プーチン大統領 特別インタビュー全文11
北方領土問題などについて話し合う安倍首相とロシアのプーチン大統領との首脳会談が15日から始まる。会談を前に、プーチン大統領は、日本テレビと読売新聞の取材に応じた。(11/20)
■「露日はパートナーになるのが当然」
――大統領は(北方領土での)総合的な政策のパッケージに先ほど言及した。共同経済活動という選択肢があるのだろう。この共同経済活動については、どういうイメージを持っているか。北方4島全てでという考え方もある。あるいは、4島の中の一部の地域をいわば経済特区として、それでそこで共同経済活動をして行くというような選択肢もあるんだろうが、大統領の中ではどういうイメージでこの活動を捉えているか。
ご存じのように、第一に、わたしの考えでは、広い意味で貿易・経済関係を改善する必要があります。それはこの2年間で残念ながら、露日間の貿易は落ち込みました。以前の水準まで回復し、さらに拡大し前進するためにあらゆることをしなければなりません。

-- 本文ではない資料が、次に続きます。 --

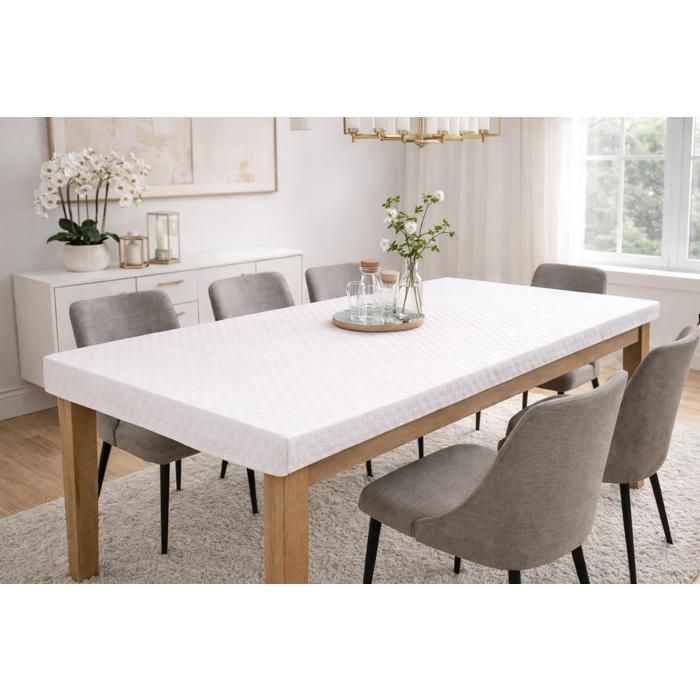 Protège-table rectangulaire élastiqué sous-nappe en molleton ...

露日両国は、すでに私が述べたように、パートナーになるのが当然です。なぜなら、当然のことですが、なにを隠そう、極東全域の発展に日本が参加し、技術を日本から導入することは我々の利益になるのです。経済協力の良い例があります。例えば、自動車産業、その他の分野。農業分野には、日本は積極的に進出しています。
ついでにいえば、ロシアのエコロジー的にクリーンな畜産・精肉が日本の市場に進出することを期待しています。露日両国には、多くの興味深いエネルギー協力の方向性があります。

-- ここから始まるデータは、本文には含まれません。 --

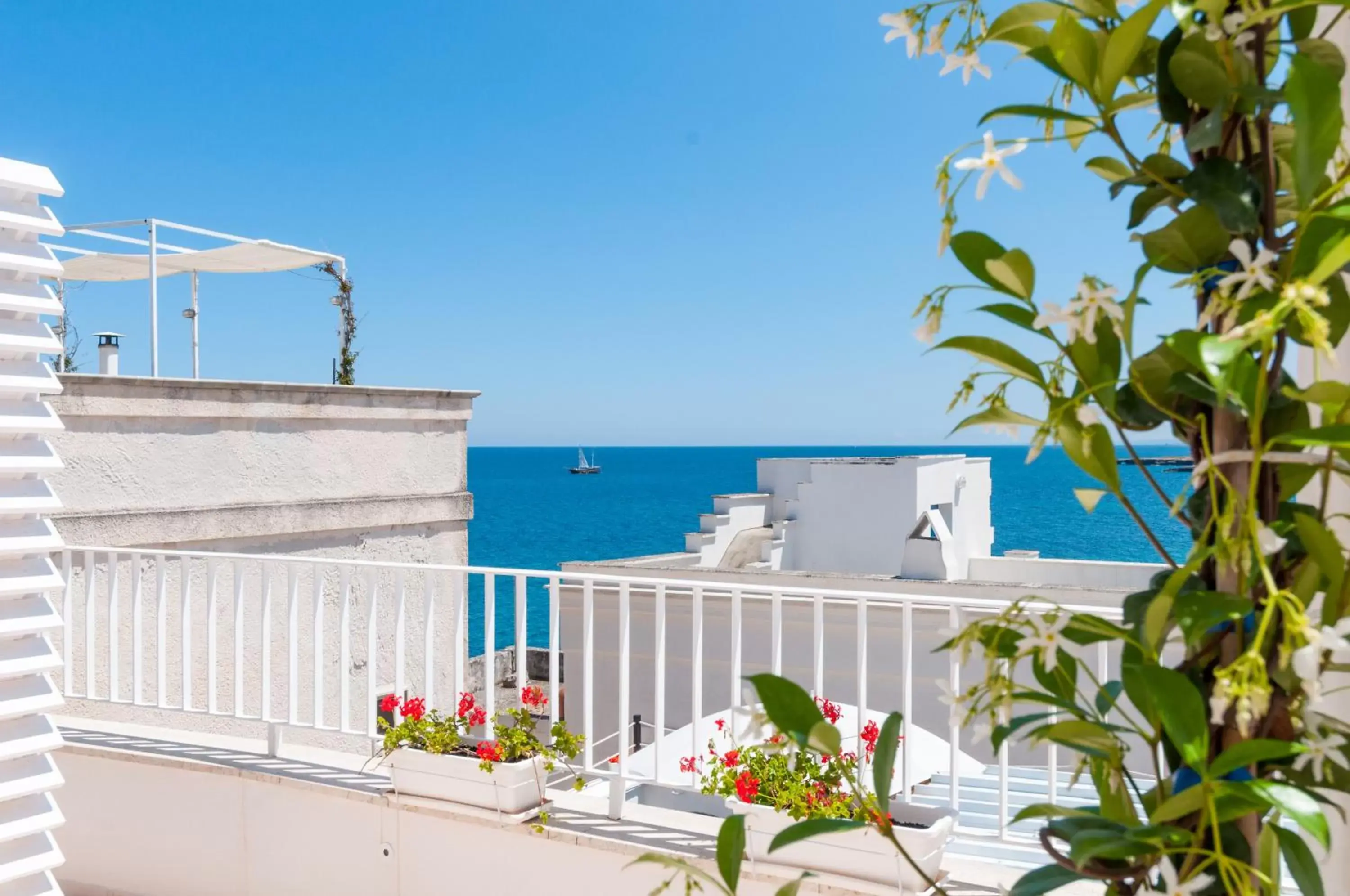 Balcony/Terrace, Sea View in Carpe Diem B&B e Case Vacanza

日本で消費される石油・ガスの9%は、ロシアから輸入されています。さらに、発展の展望があります。「サハリン1」、「サハリン2」は活発に操業し、そこで生産されるガスや石油の70~75%は長期契約で日本に輸出されています。3番目の工場建設の計画もあります。現在、ヤマル半島に日本のパートナーが参加する計画が実現しています。露日両国には、活動すべきことがありますし、展望もあり、規模も大きいです。
■「共同経済活動の範囲は、1~4島のいずれも検討できる」
南クリル諸島(北方領土)についていえば、様々な選択肢があり得ます。我々は、1島、2島、3島、4島いずれでも共同活動を検討する用意があります。重要なのは条件です。その条件は、できるだけ自由なものでなければならないのです。このことについては安倍首相が述べており、私も賛成です。
■「まず政治的問題の解決、そして平和条約締結だ」
――ロシアの法律の下でなのか、日本の法の下でなのか、第3の機関を作って、そのもとで法的なものを整合させるのか。そのあたりのお考えは?
日本人は非常に創造的で頭のいい国民だと思います。いまあなた方は、議論に対するアプローチのすばらしい例を示しました。日本の主権のもと、島々で経済活動を展開する問題が提起されました。しかし、第一歩がそうだと、第二歩は必要ないことになってしまいます。問題は、それで終わりとされてしまいます。我々はそういう合意はしていません。
我々は、まず最初に、政治的な性格の問題を解決し、その後、平和条約締結問題を解決することで合意しました。あるいは、両者を一緒に解決しようと。しかし、単に可能性のある協力の計画を描くだけでは、我々は平和条約の締結問題、その基礎となる領土問題を解決することはできません。ですから、これは専門家による入念かつ慎重で具体的な交渉で決められるべきです。